[Stored data entries]
****************************************
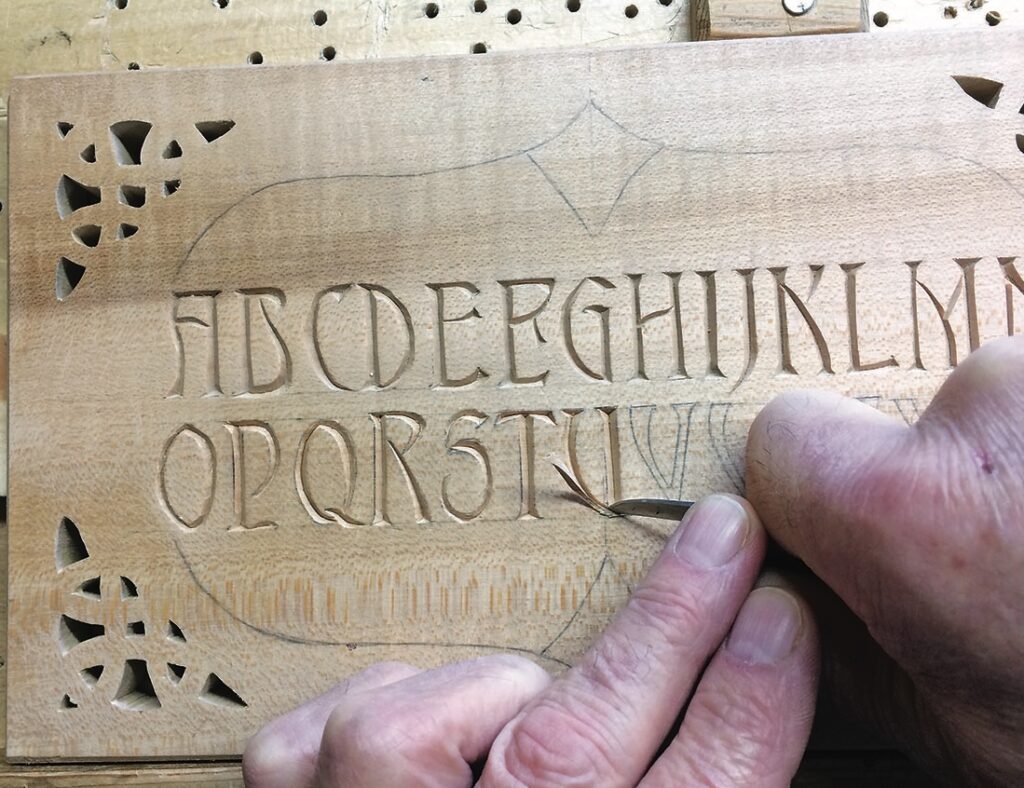 Hands carving letters into wooden block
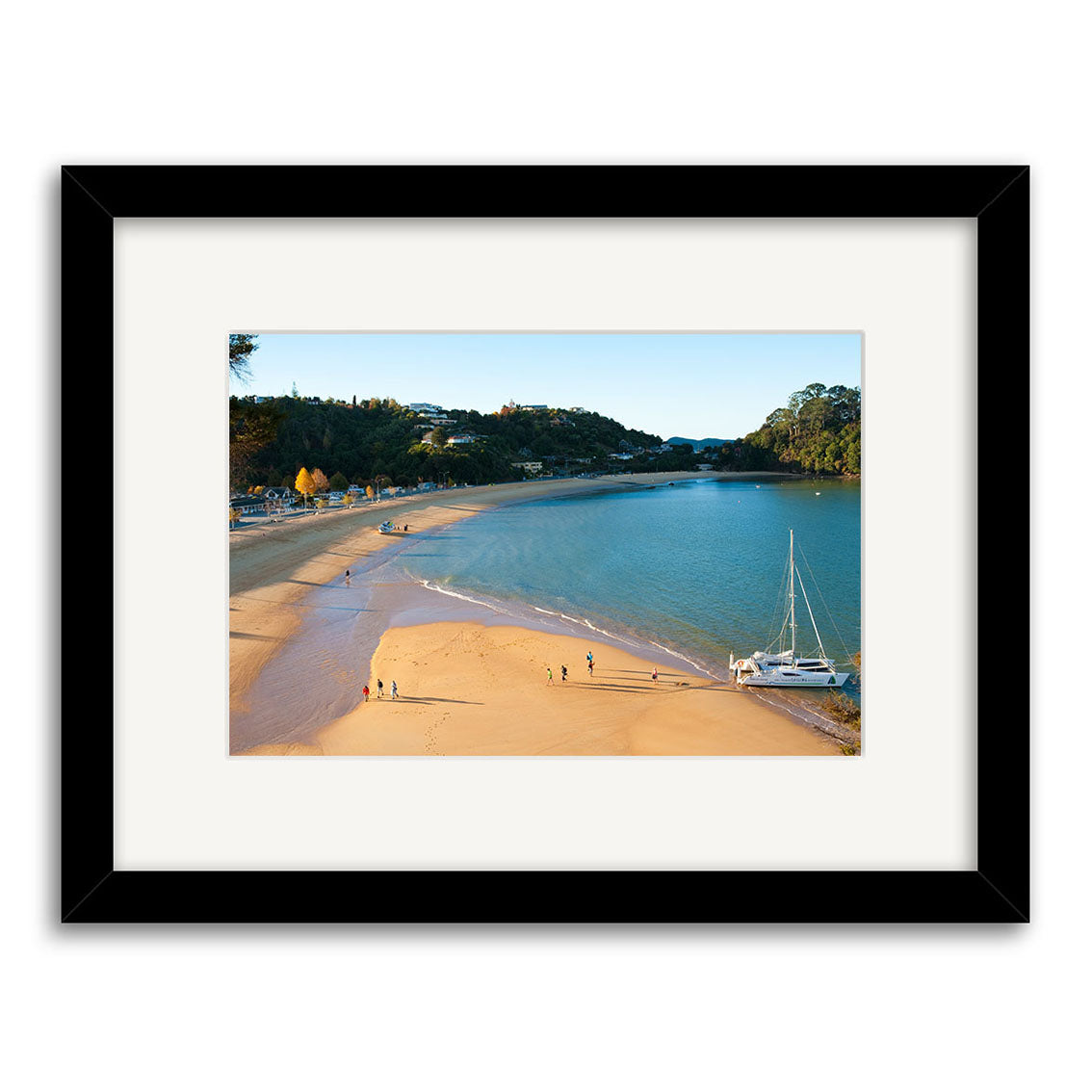 Framed archival quality photographic print, Kaiteriteri - RP225, features a sandy beach with a few people walking, a sailboat on calm blue water, and trees under a clear New Zealand sky.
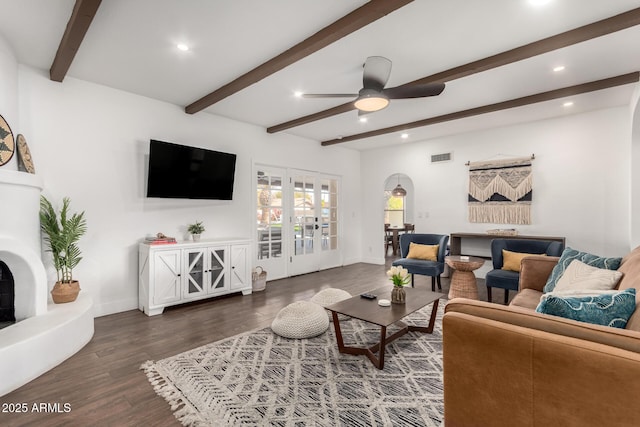 living room featuring ceiling fan, wood-type flooring, and beam ceiling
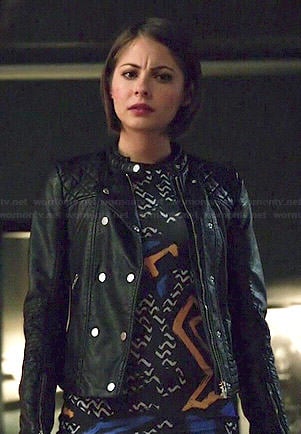 Thea’s graffiti printed dress and leather jacket on Arrow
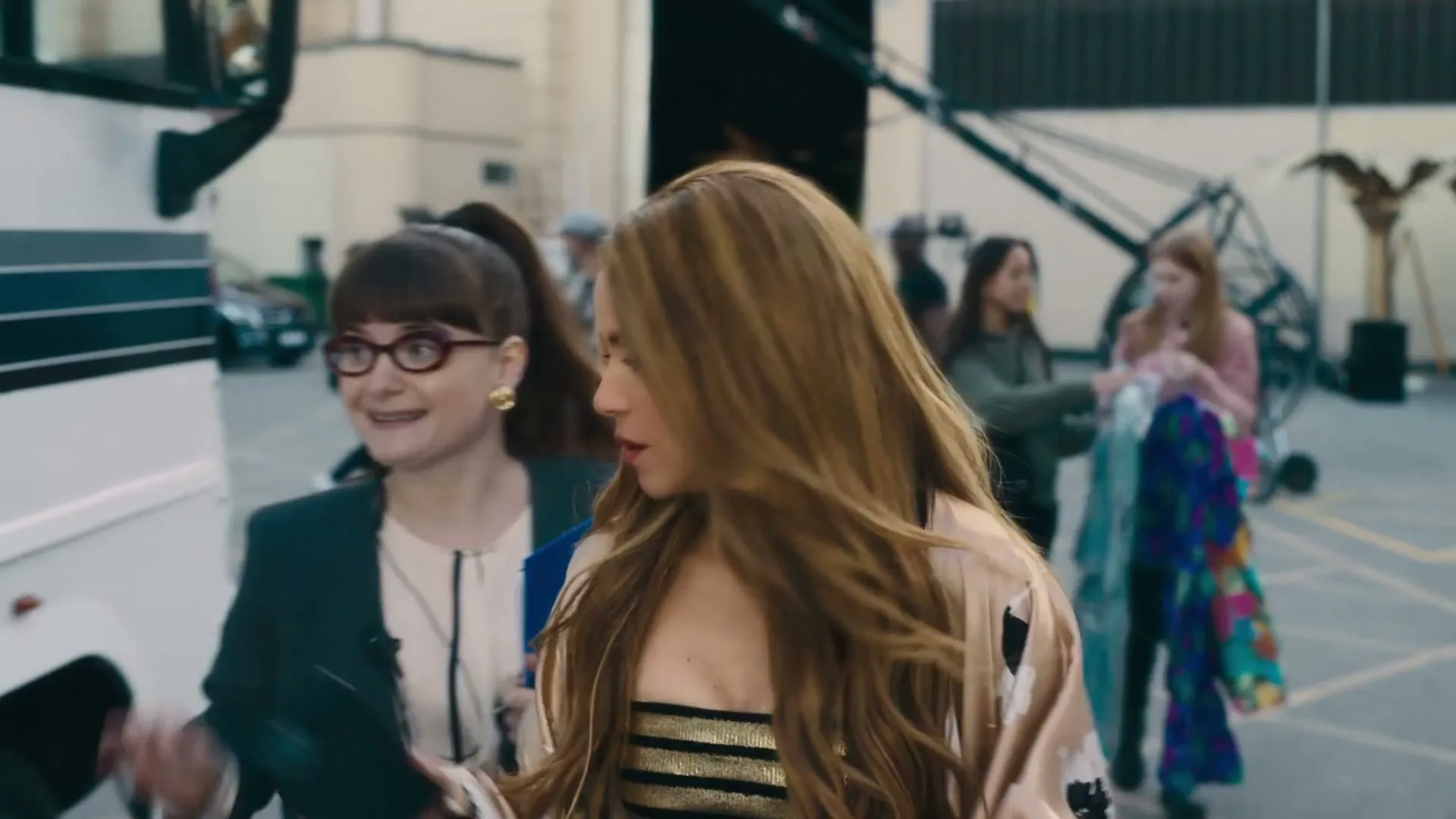 Shakira, a woman with long blonde hair and a gold top, walks past a white bus with a female assistant in glasses and a suit, on a film set.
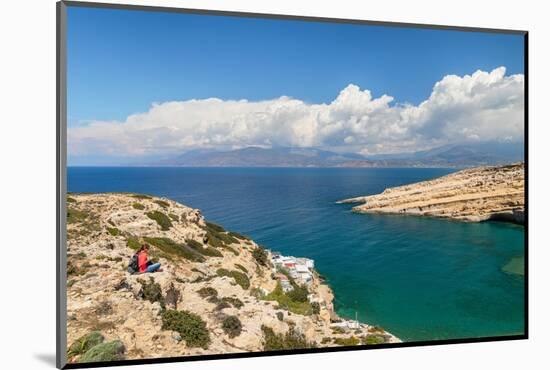 Tourist enjoying the view of the bay of Matala, Iraklion, Crete, Greek Islands, Greece, Europe-Markus Lange-Mounted Photographic Print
****************************************
**Activity**
Give again, word for word, the lines above from the one with "living room featuring" through the final line of the data, both ends included. Do not copy any picture.

**Solution**
 living room featuring ceiling fan, wood-type flooring, and beam ceiling
 Thea’s graffiti printed dress and leather jacket on Arrow
 Shakira, a woman with long blonde hair and a gold top, walks past a white bus with a female assistant in glasses and a suit, on a film set.
 Tourist enjoying the view of the bay of Matala, Iraklion, Crete, Greek Islands, Greece, Europe-Markus Lange-Mounted Photographic Print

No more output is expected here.